Quando il 26 maggio 1942, in pieno conflitto, Josef e Hildegard si univano in matrimonio nella chiesetta di San Nicolò (poi completamente distrutta dai bombardamenti alleati), celebrante il fratello don Jakob, forse non immaginavano come la furia nazista si sarebbe abbattuta anche su di loro. I tedeschi avevano necessità di arruolare uomini per sostituire i centomila morti della battaglia di Stalingrado (e circa il doppio erano i caduti sul fronte in Africa Settentrionale), mentre gli anglo-americani avanzano da ovest.
Alla capitolazione dell’Italia nel settembre 1943, Josef e Hildegard erano diventati genitori del piccolo Albert: neanche un anno dopo Josef fu costretto a salire, insieme a molti altri sudtirolesi, su un vagone su cui era scritto “Bolzano-Konitz”, ma la decisione sul da farsi era già presa.

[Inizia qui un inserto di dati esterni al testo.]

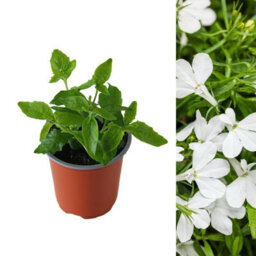 Carbeth Plants 3 X Lobelia White - Semi-Trailing Variety In 9Cm Pots - Ideal For Baskets & Pots - thumbnail 2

«L’alleanza di amore e fedeltà, di cui vive la santa famiglia di Nazaret, illumina il principio che dà forma ad ogni famiglia, e la rende capace di affrontare meglio le vicissitudini della vita e della storia. Su questo fondamento, ogni famiglia, pur nella sua debolezza, può diventare una luce nel buio del mondo», scrive papa Francesco (AL 66) e Josef, sostenuto da Hildegard, rappresenta una delle tante luci (molte quelle sconosciute) che rischiarano anche oggi.

La ricorrenza liturgica del nuovo beato sarà celebrata per la prima volta il 3 ottobre 2017.